Geospatial Sciences Center of Excellence (GSCE), South Dakota State University, 1021 Medary Ave, Brookings, SD, 57007, USA.
Department of Geography & Geospatial Sciences, South Dakota State University, Brookings, SD, 57007, USA.
Sci Rep. 2020 Oct 21;10(1):17952. doi: 10.1038/s41598-020-74804-4.
Warming climate and its impact on vegetation phenological trends have been widely investigated. However, interannual variability in temperature is considerably large in recent decades, which is expected to trigger an increasing trend of variation in vegetation phenology. To explore the interannual phenological variation across the contiguous United States (CONUS), we first detected the onset of vegetation greenup using the time series of the daily two-band Enhanced Vegetation Index (EVI2) observed from the AVHRR Long-Term Data Record (1982-1999) and the MODIS Climate Modeling Grid (2000-2016). We then calculated the interannual variation in greenup onset during four decadal periods: 1982-1989, 1990-1999, 2000-2009 and 2010-2016. Further, the trend of interannual variation in greenup onset from 1982 to 2016 was analyzed at pixel and state levels. Extreme phenological events were also determined using a greenup onset anomaly for each pixel. Similar approaches were applied to spring temperatures to detect extreme years and to the temporal trend of interannual variation to explain the phenological variation. The results revealed that 62% of pixels show an increasing interannual variation in greenup onset, and in 44% of pixels, this variation could be explained by the temperature. Although extreme phenology occurred locally in different years, three nationwide extreme phenological years were distinguished. The extreme warm spring that occurred in 2012 resulted in the occurrence of greenup onset as much as 20 days earlier than normal in large parts of the CONUS. In contrast, greenup onset was much later (up to 30 days) in 1983 and 1996 due to cool spring temperatures. These findings suggest that interannual variation in spring phenology could be much stronger in the future in response to climate variation, which could have more significant impacts on terrestrial ecosystems than the regular long-term phenological trend.

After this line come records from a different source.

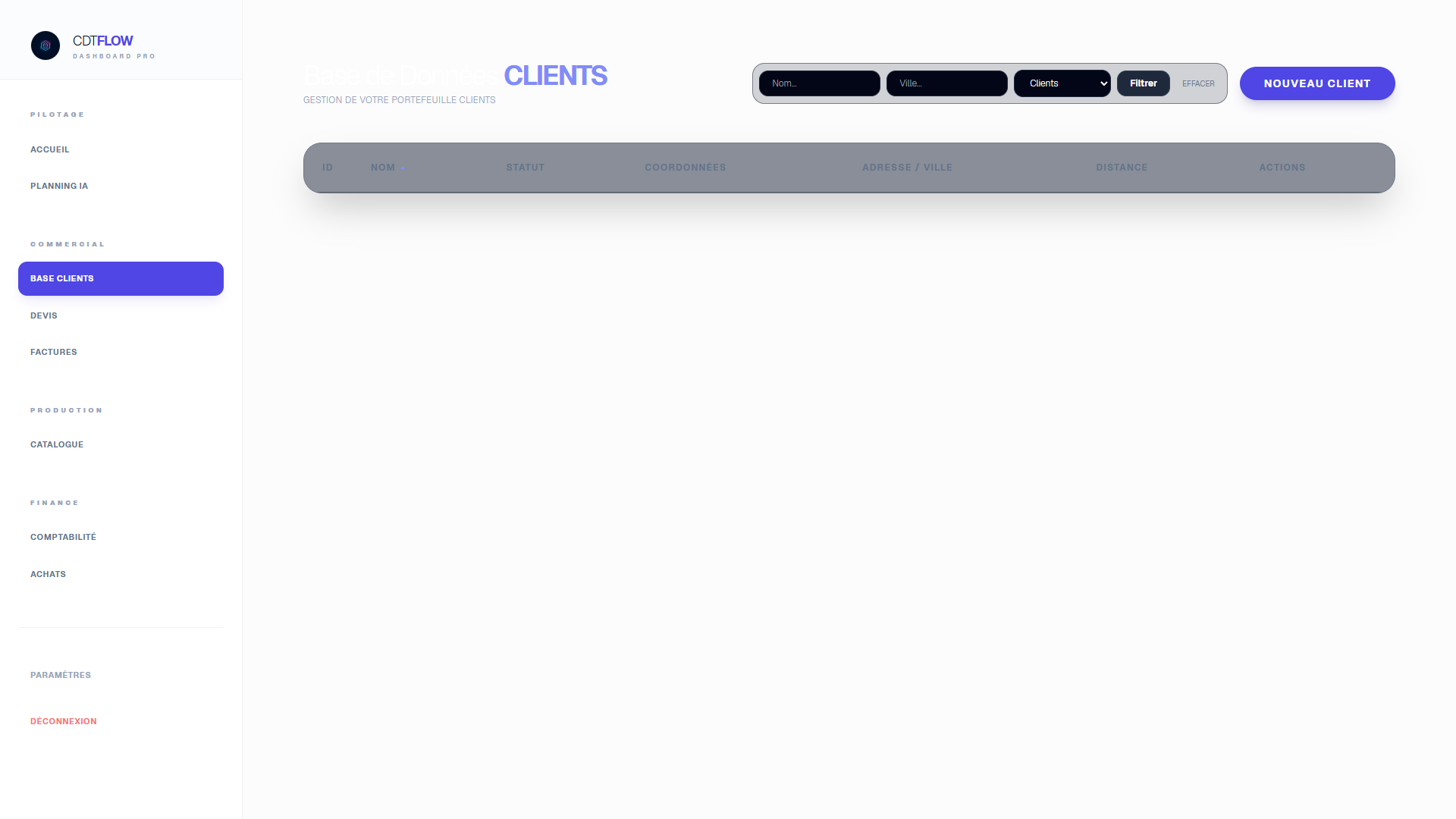 Gestion Clients cdtErp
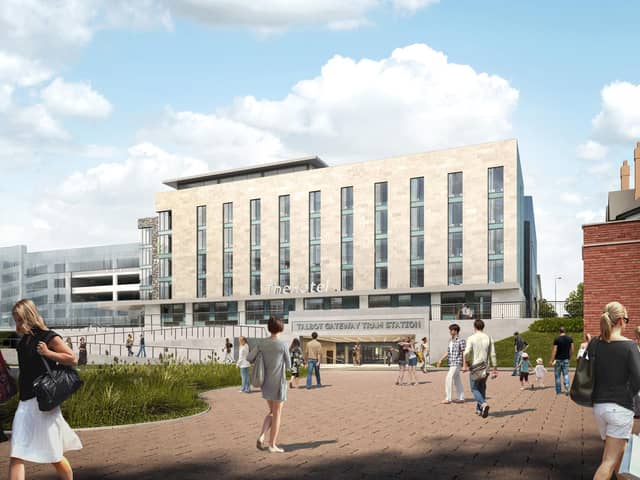 The multiversity would be the latest investment in the town centre where regeneration also includes a new Holiday Inn (artist's impression)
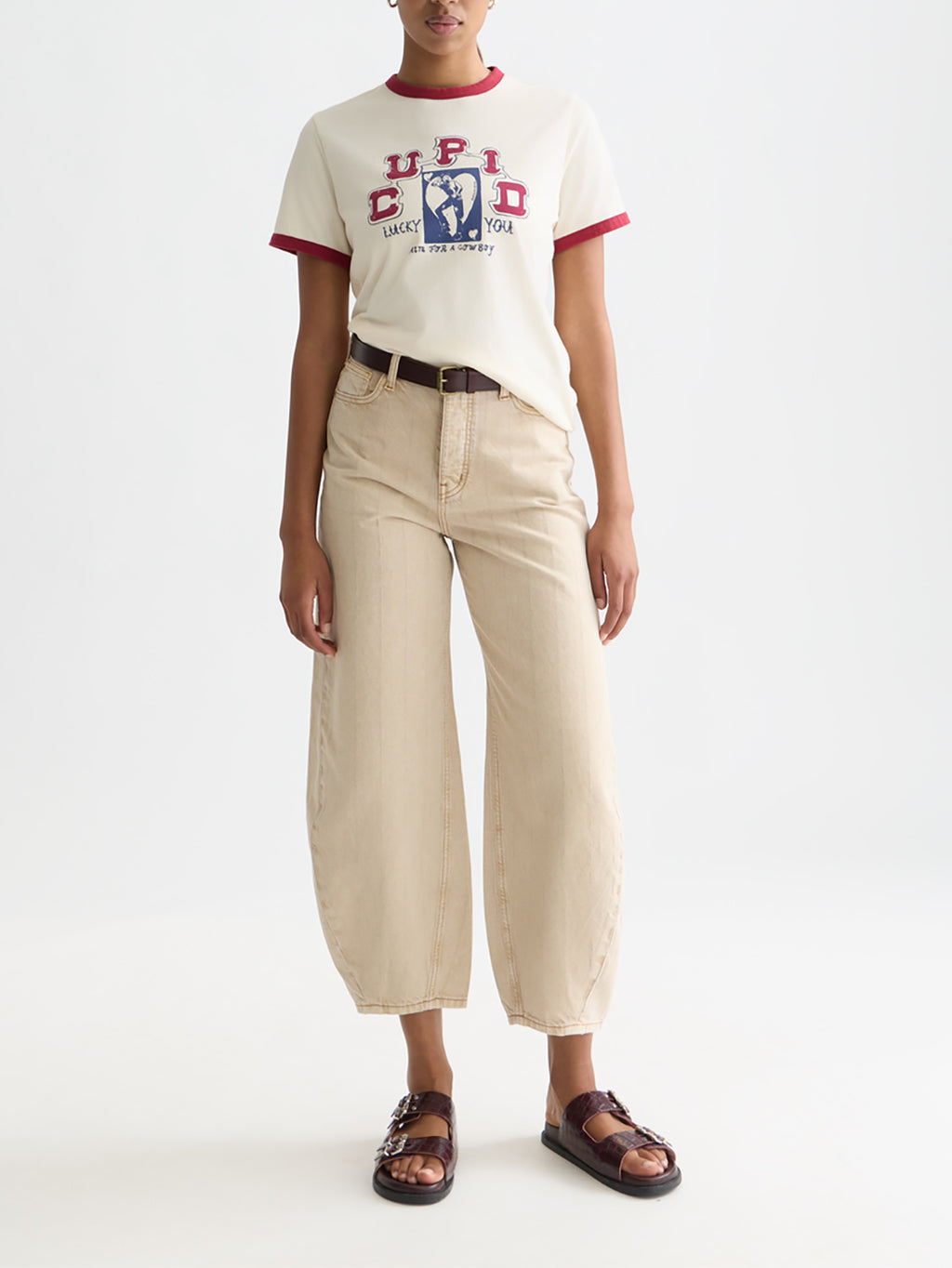 Scotch & Soda - Contrast binding t-shirt - Eggnog
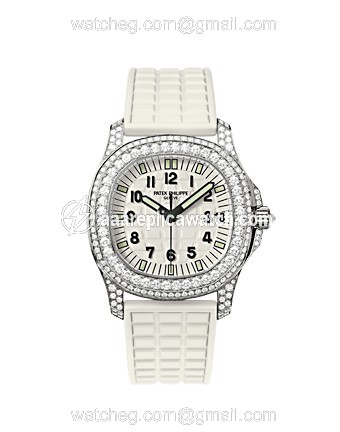 Patek Philippe 5069G-011 Aquanaut Ladies Quartz 18k White Gold, diamonds watch Patek Philippe 5069G-011 Aquanaut Ladies Quartz 18k White Gold, diamonds watch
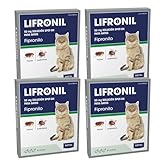 Pipetas Gatos LIFRONIL x3 Pipetas contra Pulgas y Garrapatas | Apto para Todo Tipo de Gatos a Partir de 2 Meses y más de 1 kg de Peso | Protección hasta 5 Semanas | Nexum Market | Pack de 4 Unidades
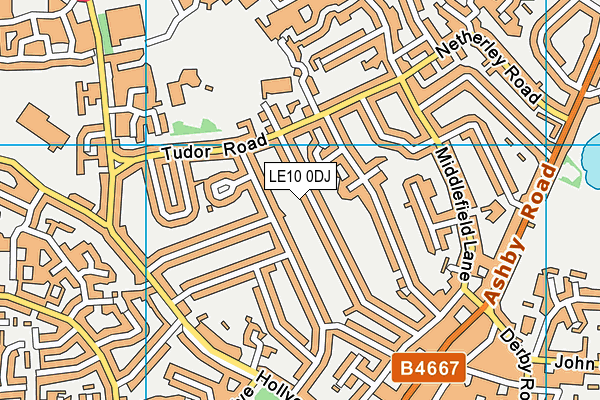 LE10 0DJ map - OS VectorMap District (Ordnance Survey)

气候变暖及其对植被物候趋势的影响已得到广泛研究。然而,近几十年来,温度的年际变化相当大,预计这将引发植被物候变化的趋势增加。为了探索整个美国大陆(CONUS)的年际物候变化,我们首先使用从 AVHRR 长期数据记录(1982-1999 年)和 MODIS 气候建模网格(2000-2016 年)观测到的每日两波段增强植被指数(EVI2)时间序列检测植被变绿的开始。然后,我们计算了四个十年期内的变绿开始的年际变化:1982-1989 年、1990-1999 年、2000-2009 年和 2010-2016 年。此外,还分析了 1982 年至 2016 年变绿开始的年际变化趋势。每个像素的变绿开始异常确定了极端物候事件。类似的方法也应用于春季温度,以检测极端年份,并解释物候变化的年际变化时间趋势。结果表明,62%的像素显示出变绿开始的年际变化增加,在 44%的像素中,这种变化可以用温度来解释。尽管极端物候在不同年份局部发生,但区分了三个全国性的极端物候年份。2012 年发生的异常温暖的春季导致 CONUS 大部分地区的变绿开始比正常情况早 20 天。相比之下,由于春季气温较低,1983 年和 1996 年的变绿开始较晚(最多 30 天)。这些发现表明,未来春季物候的年际变化可能会更强,以响应气候变化,这可能比常规的长期物候趋势对陆地生态系统产生更重大的影响。